One week late. Hoboy.
Here in the Philippines, Holy Week is a big deal. In parts of the country (don’t ask me where), they still reenact the Passion and Death of Christ. Everywhere else, it’s just strict observance of the holy days by going to mass, attending the Stations of the Cross, participating in a reenactment of the Washing of the Feet, and/or walking on your knees down the aisle of the church to kiss the crucified image of Christ on Good Friday.

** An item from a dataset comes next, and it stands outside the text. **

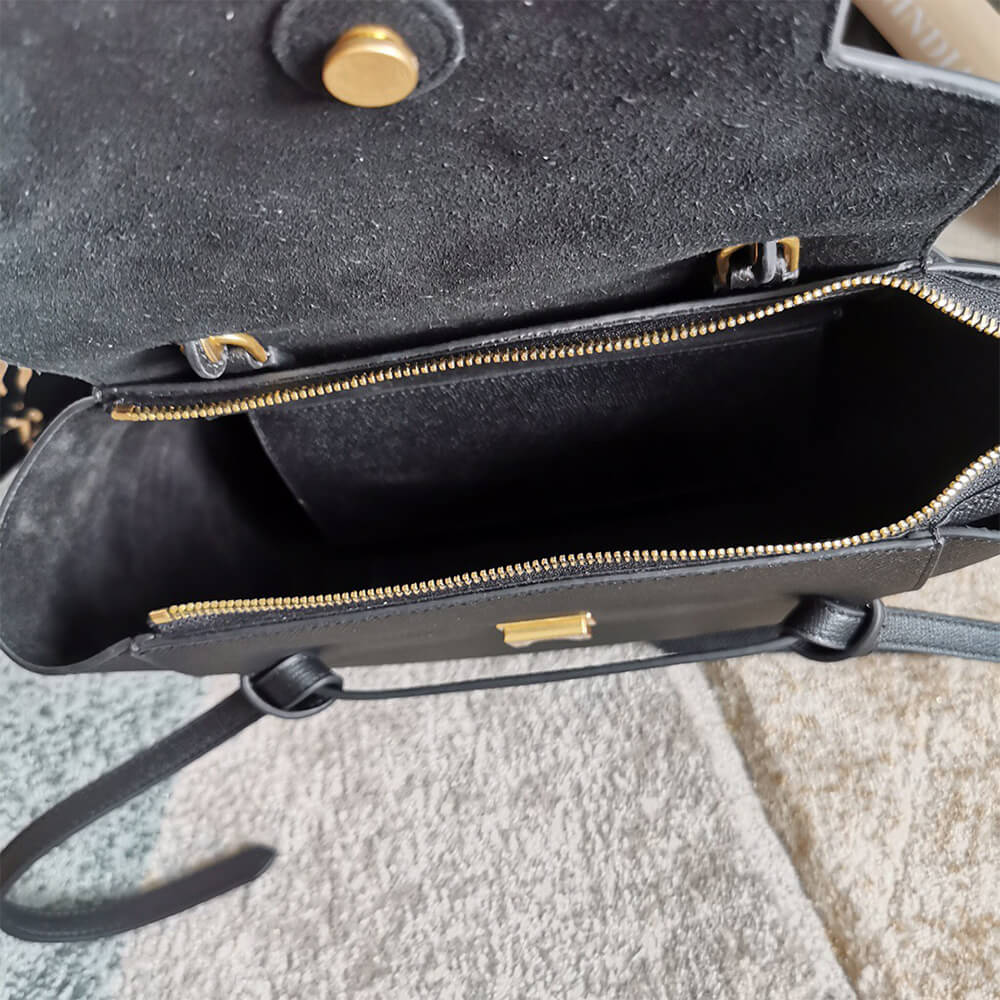 Celine Micro Belt Bag1:1High-quality replica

Let me just say that for as long as I can remember, I’ve disliked following the rituals. When I was young I didn’t understand what these rituals were for even though I went to Catholic school, and now that I do, I still don’t like them. They’re very tedious and boring and done in the heat of summer which makes everything seem more drawn out than it actually is.
But there is something to be said about all these rituals and why people find it sacrilegious to skip them. These remind you of your humanity, that–at the very least–you come to pay respect to the one human (never mind that He was God at the same time) who actually willingly CHOSE to go through these painful events because of His great love for us.
I don’t know what other religions think of this important week for Catholics, and I know I haven’t been the most devout, but I believe that if none of these things were true, if Jesus didn’t exist, if the Bible is just fiction, you cannot discount the fact that if an ordinary human were asked to go through these trials and tribulations voluntarily that person would say NO.
Holy Week is a time to reflect on one’s humanity, on one’s weakness, and on how one can be better. I don’t like attending any of these Holy Week events, true, but I attend them (well, the Good Friday ones, especially) because I need reminding that I am a finite and weak being who would choose not to go through all that pain and suffering. Does this mean I am limiting myself? No, it just means I am reminding myself to be humble and think of other people first.